TASK TO COMPLETE: With the pictures removed, write out the data below exactly.

STORED DATA:
----------

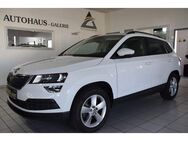 Skoda Karoq Ambition 4x4 DSG/1.HAND/KAMERA/TEMPOMAT - Sennfeld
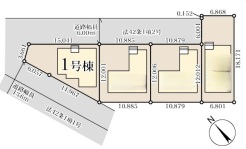 現況と相違がある場合は現況を優先させていただきます。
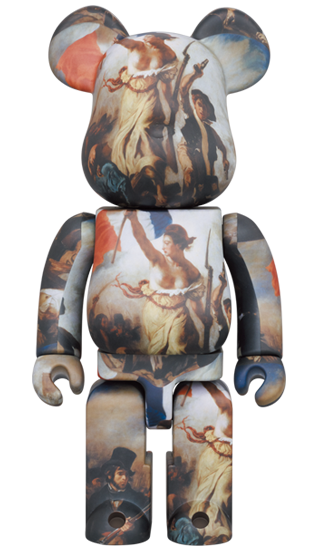 BE@RBRICK SERIES 51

----------

ANSWER SPACE:
 Skoda Karoq Ambition 4x4 DSG/1.HAND/KAMERA/TEMPOMAT - Sennfeld
 現況と相違がある場合は現況を優先させていただきます。
 BE@RBRICK SERIES 51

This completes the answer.